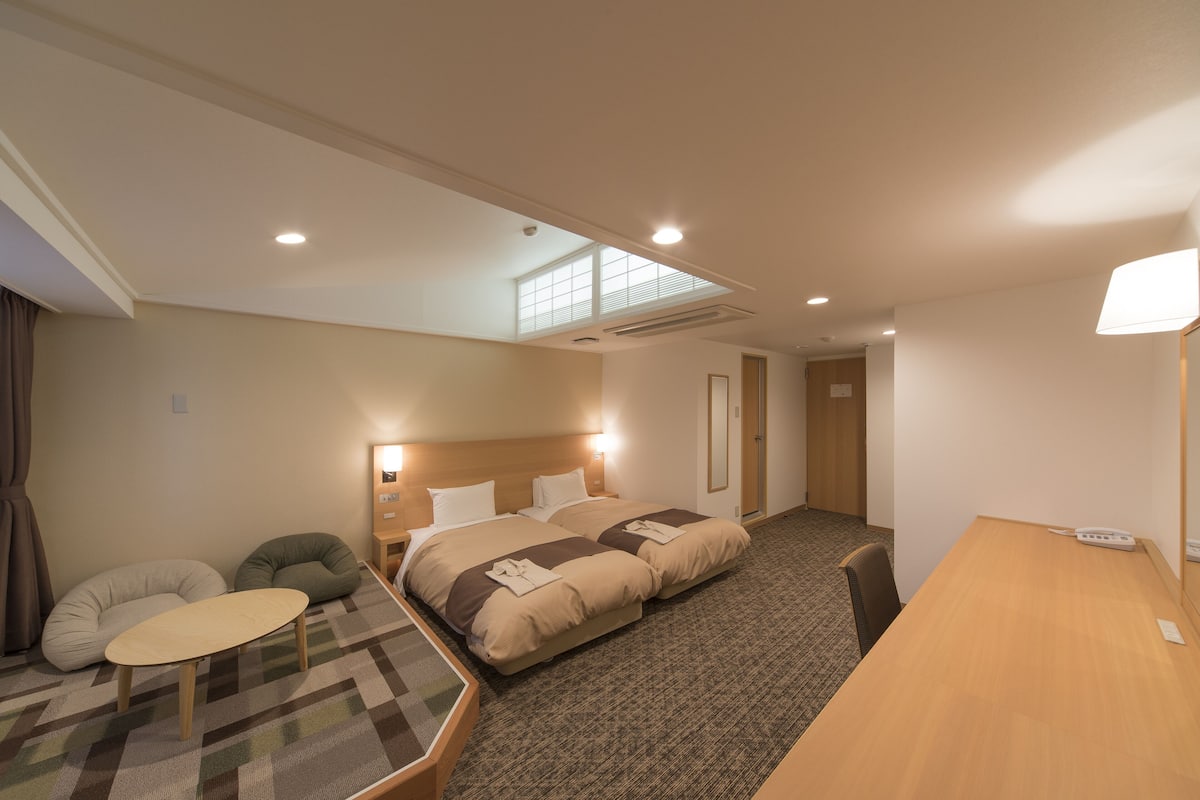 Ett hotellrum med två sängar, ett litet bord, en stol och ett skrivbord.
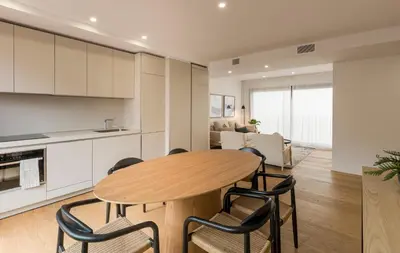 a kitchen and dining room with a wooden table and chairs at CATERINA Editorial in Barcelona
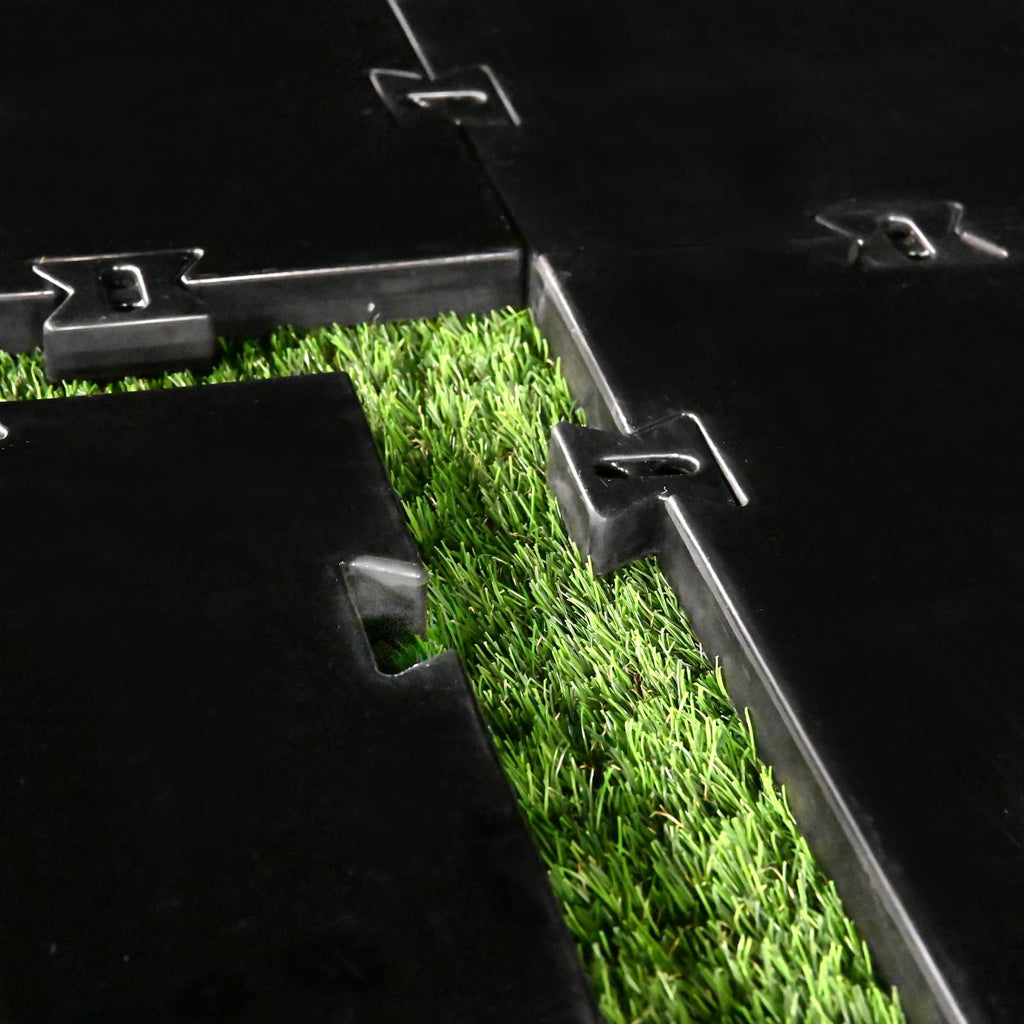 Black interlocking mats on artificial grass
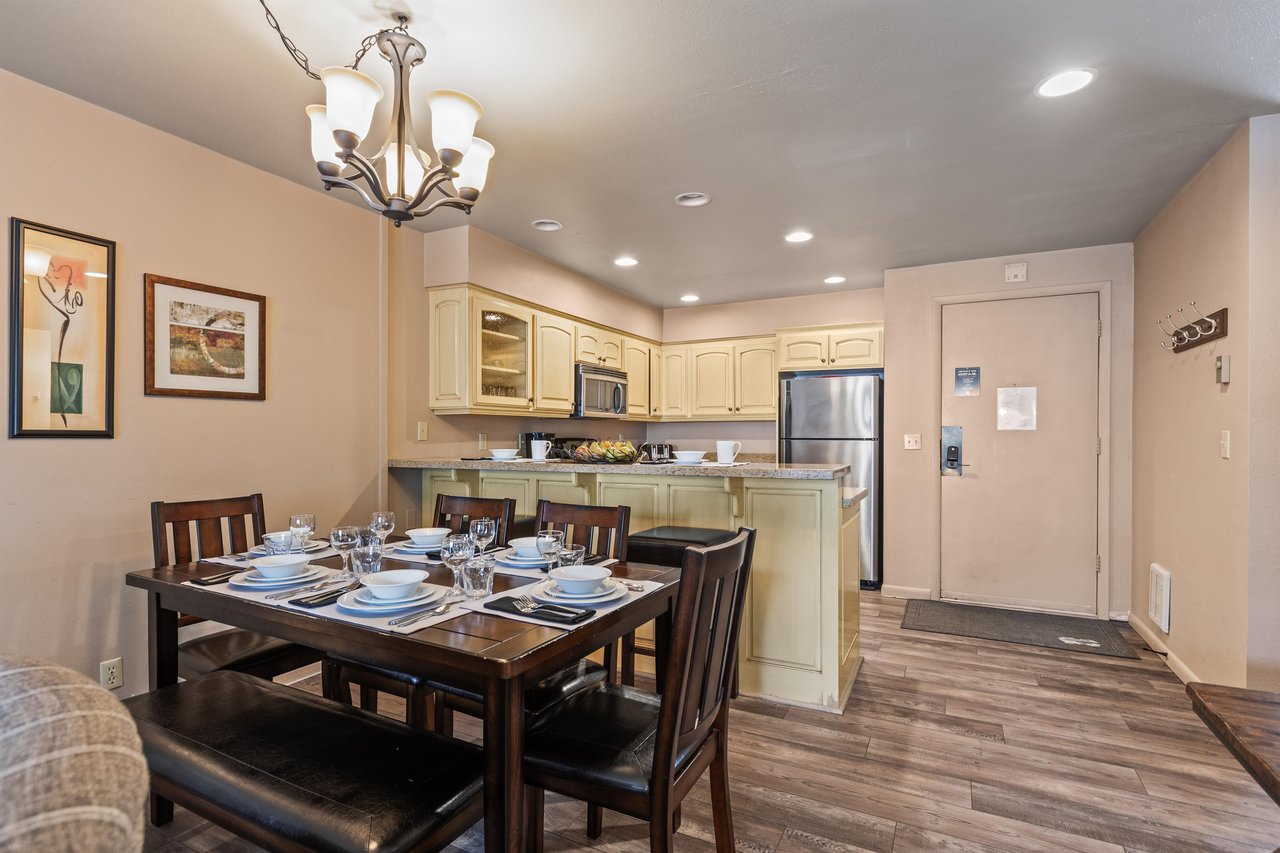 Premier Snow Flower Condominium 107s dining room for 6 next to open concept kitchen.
· · ·
### Work order
Every line of the material above should be repeated exactly, except for the pictures.

### Answer to this exercise
 Ett hotellrum med två sängar, ett litet bord, en stol och ett skrivbord.
 a kitchen and dining room with a wooden table and chairs at CATERINA Editorial in Barcelona
 Black interlocking mats on artificial grass
 Premier Snow Flower Condominium 107s dining room for 6 next to open concept kitchen.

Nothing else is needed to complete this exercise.